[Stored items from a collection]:
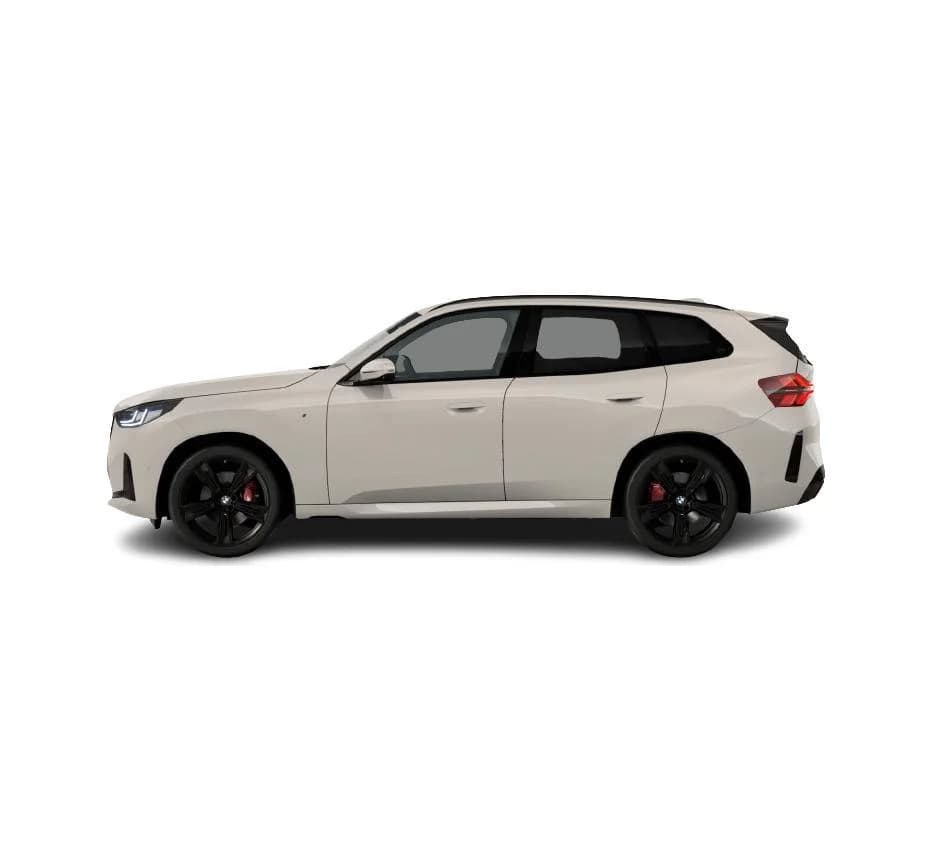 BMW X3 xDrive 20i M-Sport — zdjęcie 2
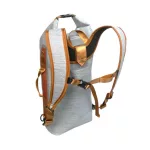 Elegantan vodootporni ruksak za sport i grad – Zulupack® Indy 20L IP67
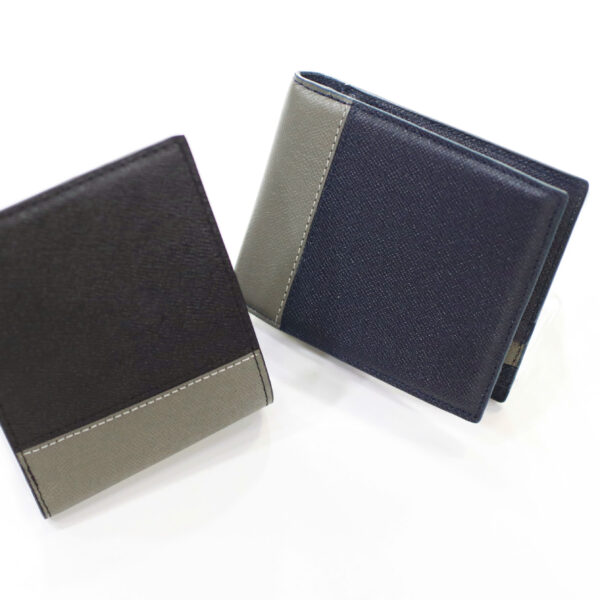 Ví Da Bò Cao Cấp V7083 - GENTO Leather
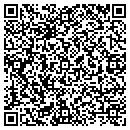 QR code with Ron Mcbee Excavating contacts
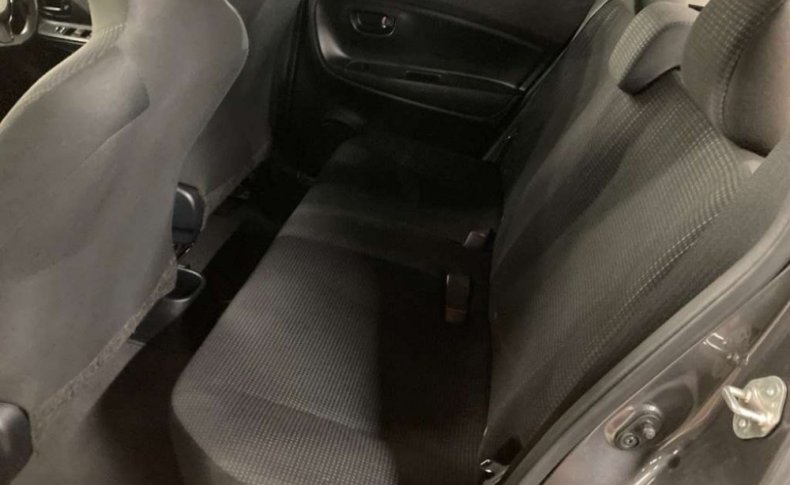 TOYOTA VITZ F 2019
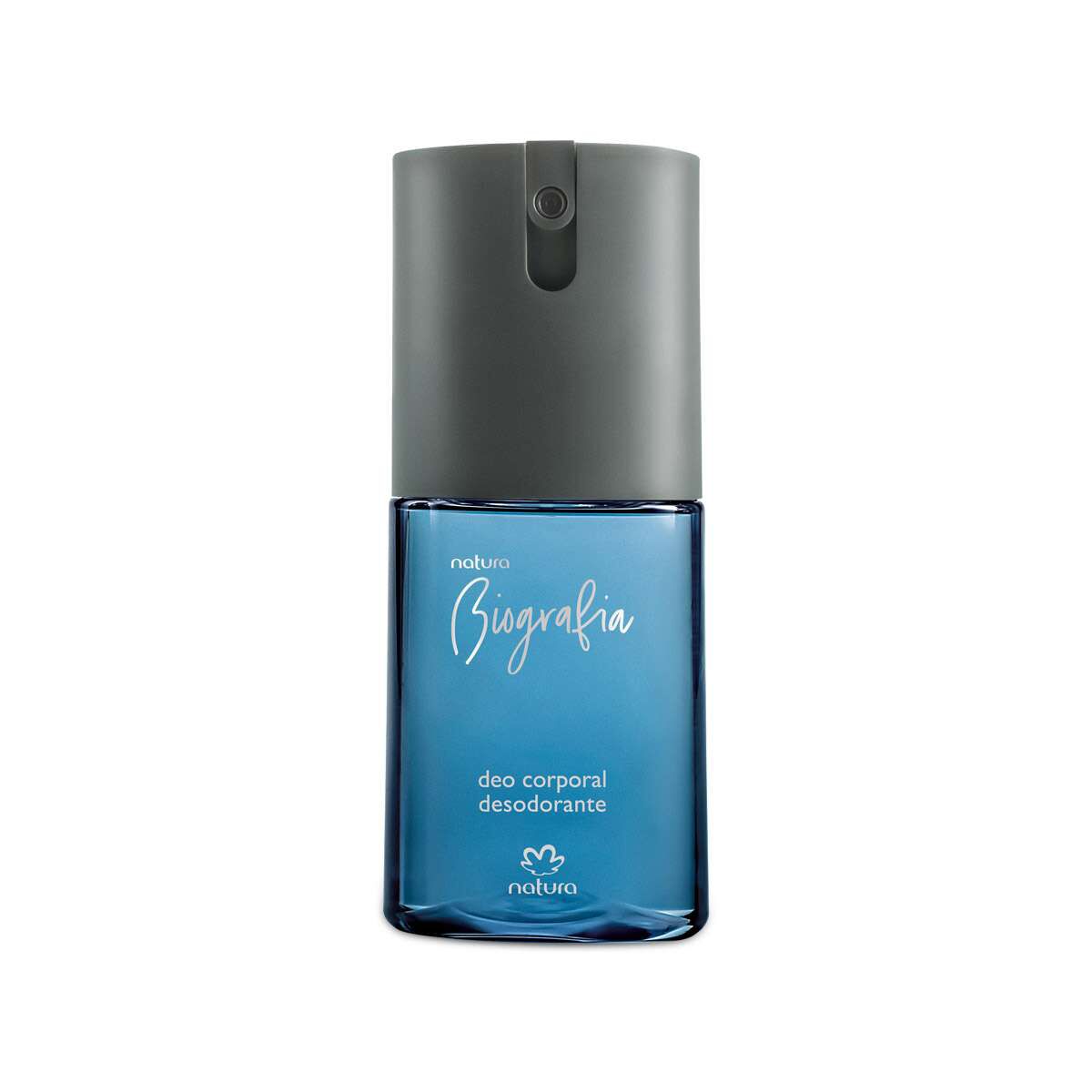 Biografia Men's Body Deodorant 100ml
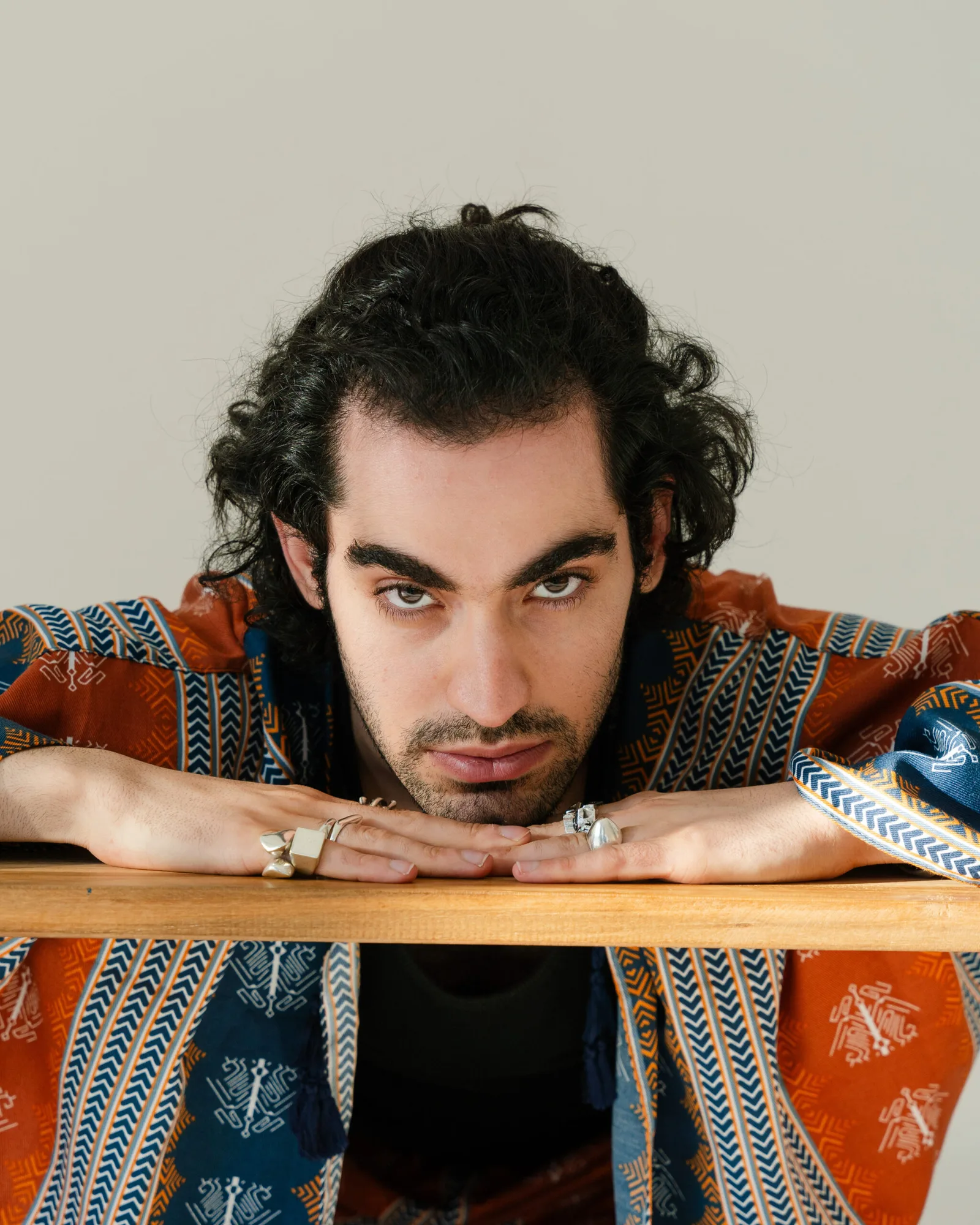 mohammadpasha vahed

[What to work on]: Set down exactly, and only, the lines from the one containing "TOYOTA VITZ F 2019" through the last line of the entries. Pictures do not belong in the copy.

[Solved problem]:
 TOYOTA VITZ F 2019
 Biografia Men's Body Deodorant 100ml
 mohammadpasha vahed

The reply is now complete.